All this said, my original review still stands – and so here it is, as written in December 2014:
This book is just gorgeous. When I started reading Game of Thrones this summer at the urging of a friend, I found myself peppering her with background questions. Who are the Rhoynar? What’s a crannogman? Hey, tell me everything about these Children of the Forest… The World of Ice and Fire is precisely the book I hoped existed then. It’s an in-depth look at the history of Westeros, and to a lesser extent, neighbouring continent Essos. The bulk of the book focuses on the many Targaryen kings, followed by a potted history of six of the seven ‘kingdoms’, plus the Iron Islands. We then travel over to many of the major cities in Essos, and towards the end go further afield, drifting towards the far east and mysterious Asshai.
The tone of the book is perhaps a little dry in places, but it’s framed as being penned by a Maester of the Citadel, so for me that worked (although in later sections I think the editing could have been tighter, as small repetitions and spelling errors became more frequent). Certainly the histories we’re presented with become vaguer, more rumour than fact, the further afield we travel, but as this is a world where few from Westeros dare to travel that far, it fit with the perspective the book took.

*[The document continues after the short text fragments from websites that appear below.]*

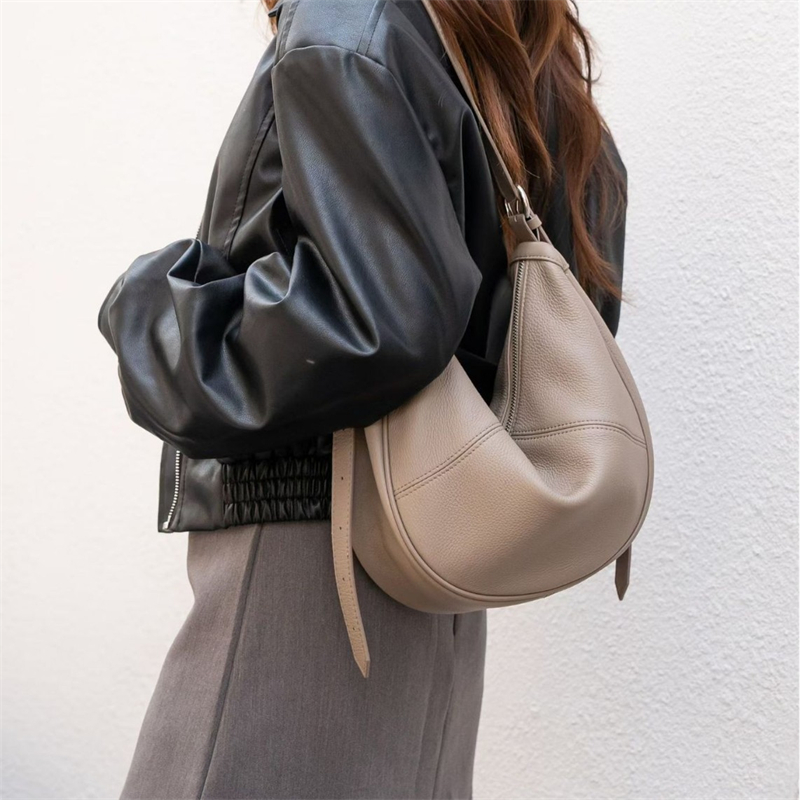Women Bags Office - BURMINSA Soft Genuine Leather Crescent Hobo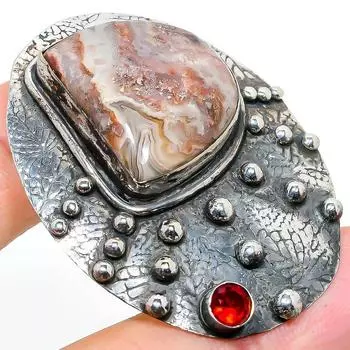 Подвеска из натурального кружева агата и граната, стерлингового серебра 925 пробы, 1,97 дюйма, E3F01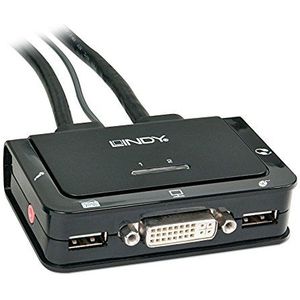 LINDY KVM Switch Compact DVI-D Single Link USB 2.0 & Audio 2-poorts zwart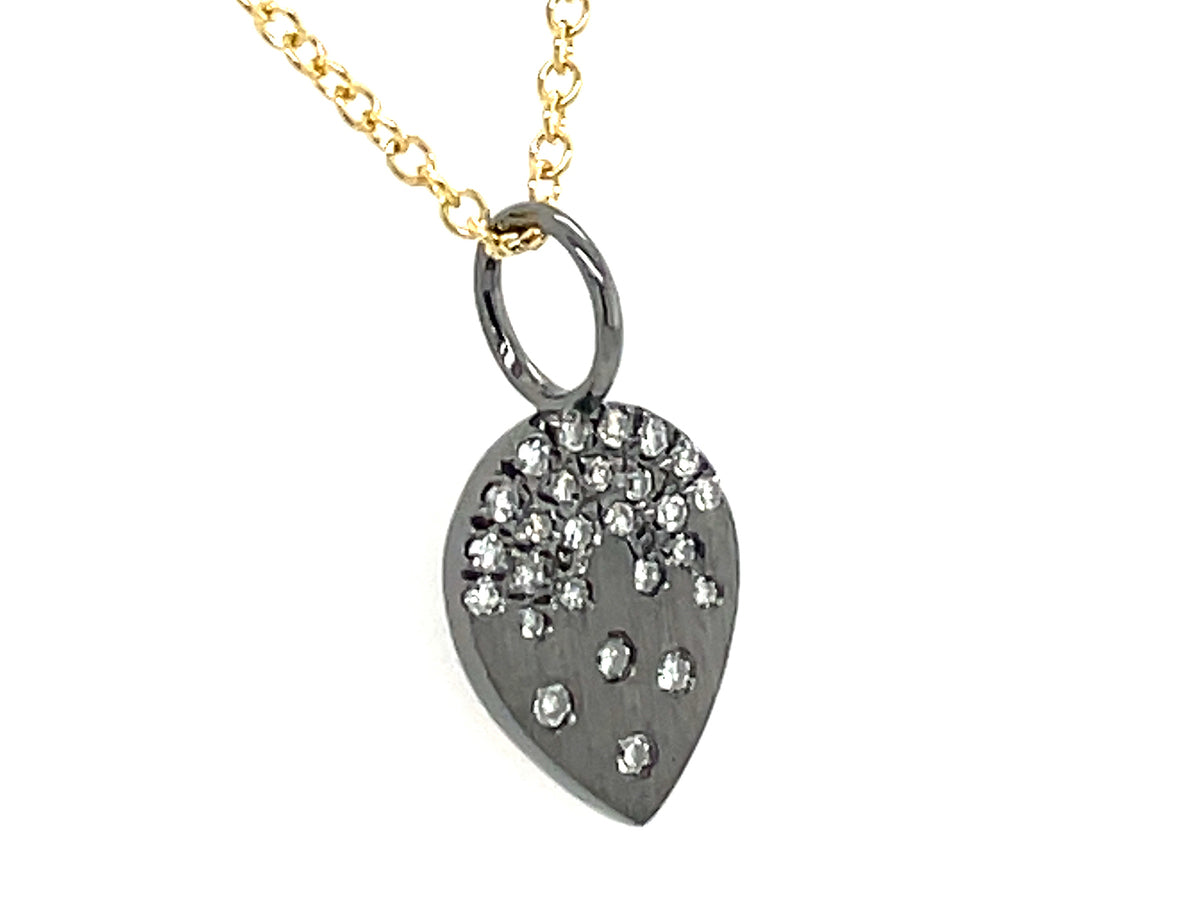 DIAMOND FLUSH SET PEAR PENDANT NECKLACE, SATIN FINISH, 14K BLACK FINISH, 18"/16" YELLOW CHAIN (N)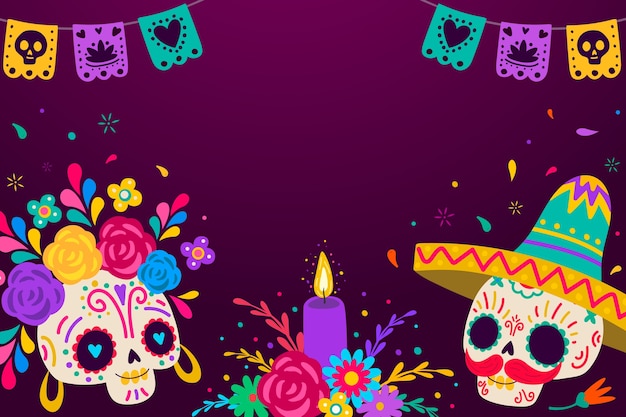 Hand drawn dia de muertos background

I think this is definitely more for the obsessive rather than casual fan, and I’d definitely recommend reading the Dunk and Egg stories first (I may or may not have got quite emotional during the history of Aegon V’s reign, and had to put the book down a few times…). If you’ve read the history of the first Dance of Dragons, it’s quite heavily condensed here, and there are other places where it definitely feels as though Martin has much longer histories waiting to be told when time permits. One of the biggest selling points of the book is the absolutely stunning artwork. I’m normally a ‘nice picture, turn the page’ kind of girl, but The World of Ice and Fire starts with a painting of Dragonstone so stunning you can all but taste the sea salt and hear the crash of the waves on rocks, and it only gets better from there. This is definitely a book you want to hold in your hands rather than flick through on a Kindle – the only problem being that it’s so big and heavy, I did find it difficult to get comfortable with it.
I seriously, seriously love this book, and have already bought an extra copy to give as a Christmas present.